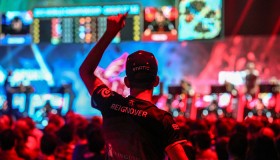 JDG战队决胜局力克WBG，团队配合助其晋级下一轮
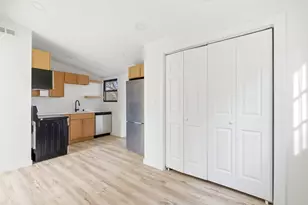 10314 Root River Dr, Racine, WI 53108 - Photo 13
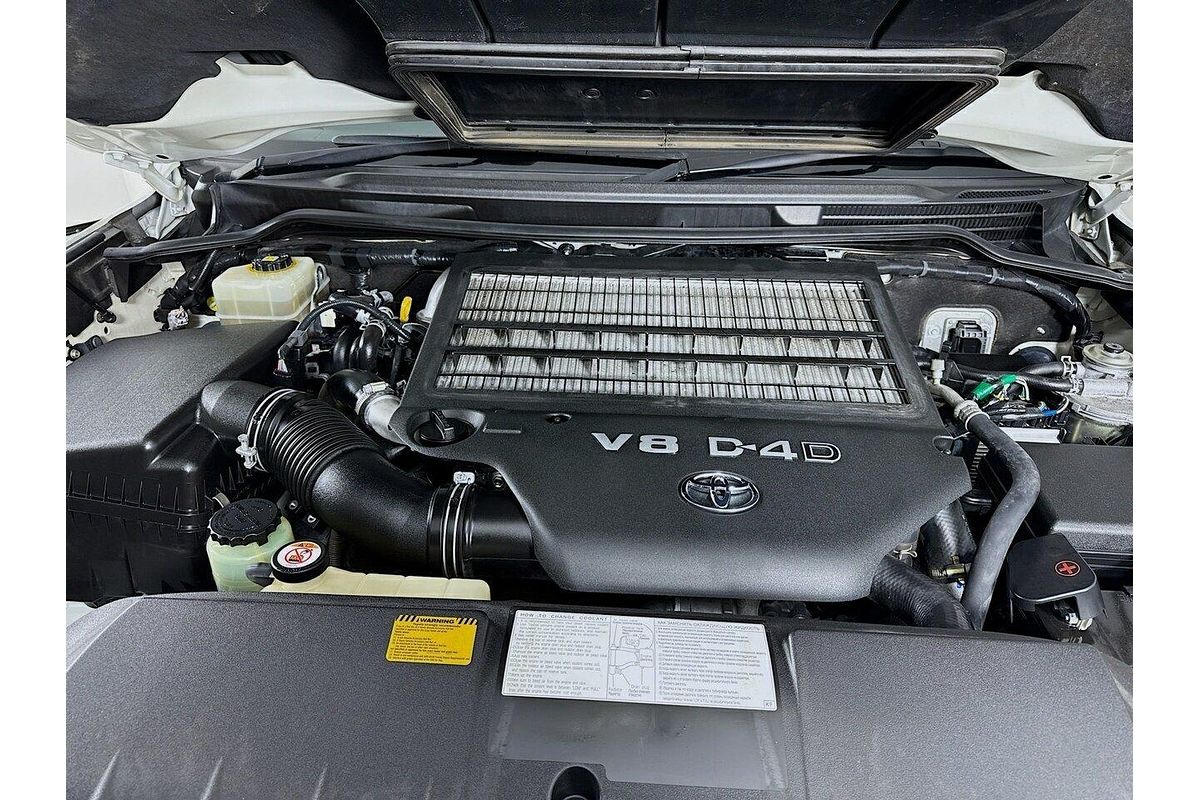 2018 Toyota Landcruiser Sahara VDJ200R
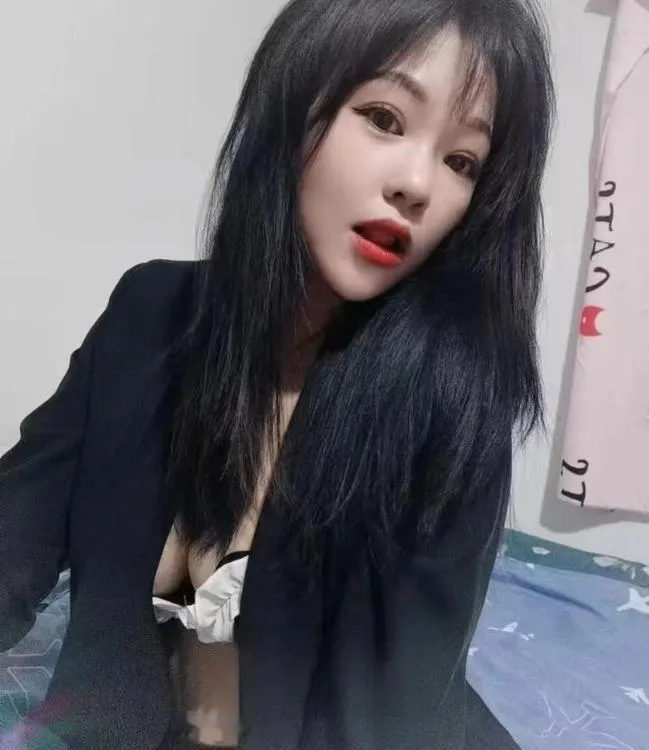美骚御姐依依
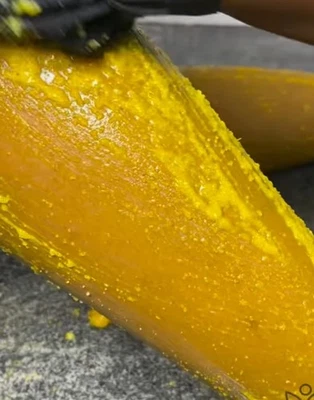 Exfoliante exfoliante tumérico para manchas oscuras Foto 1 de 2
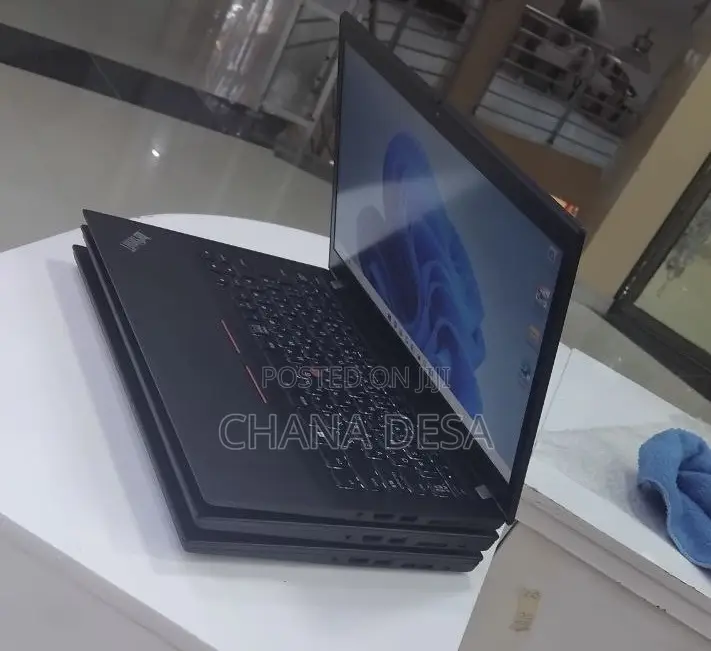 New Laptop Lenovo ThinkPad T14 16GB AMD Ryzen 5 SSD 512GB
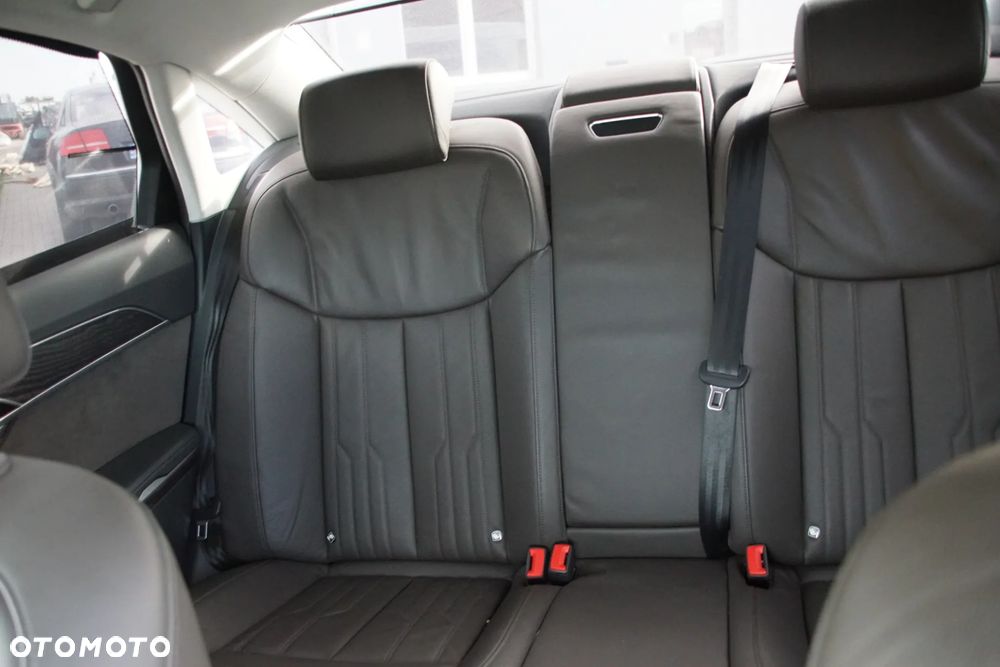 Auto na części 692106889 Audi A8L A8 long 3.0 TDI DMGK hybryda skrzynia udp lakier LY9T drzwi klapa lampa szyba ćwiartka dyfer belka zderzak fotele deska konsola airbag wyświetlacz przełącznik sterownik komputer - 5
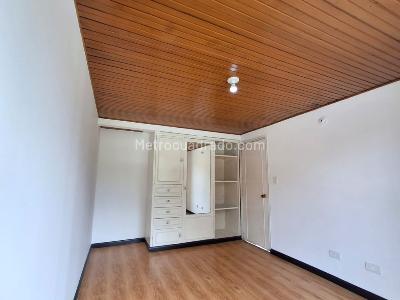 Apartamento de 2 alcobas en arriendo en La Esmeralda, Bogotá, 70 m² · foto 7 de 11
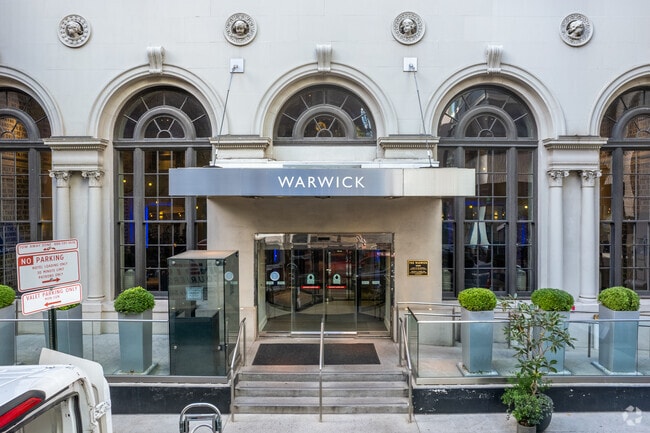 Entrance - The Warwick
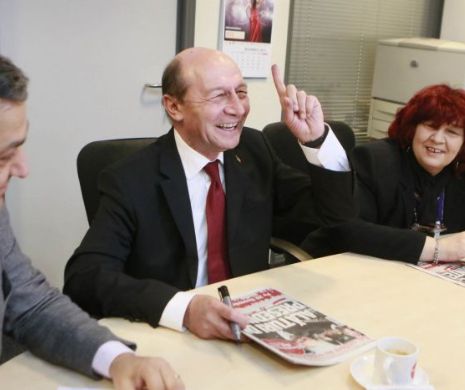 Traian Băsescu, în vizită la EVZ.„E ciudat să mi se mai spună președinte. Comandant rămân”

· · · · · · ·

TASK REQUIREMENTS ▸ Transcribe all data precisely. Pictures are not copied.

WRITTEN SOLUTION ▸
 JDG战队决胜局力克WBG，团队配合助其晋级下一轮
 10314 Root River Dr, Racine, WI 53108 - Photo 13
 2018 Toyota Landcruiser Sahara VDJ200R
美骚御姐依依
 Exfoliante exfoliante tumérico para manchas oscuras Foto 1 de 2
 New Laptop Lenovo ThinkPad T14 16GB AMD Ryzen 5 SSD 512GB
 Auto na części 692106889 Audi A8L A8 long 3.0 TDI DMGK hybryda skrzynia udp lakier LY9T drzwi klapa lampa szyba ćwiartka dyfer belka zderzak fotele deska konsola airbag wyświetlacz przełącznik sterownik komputer - 5
 Apartamento de 2 alcobas en arriendo en La Esmeralda, Bogotá, 70 m² · foto 7 de 11
 Entrance - The Warwick
 Traian Băsescu, în vizită la EVZ.„E ciudat să mi se mai spună președinte. Comandant rămân”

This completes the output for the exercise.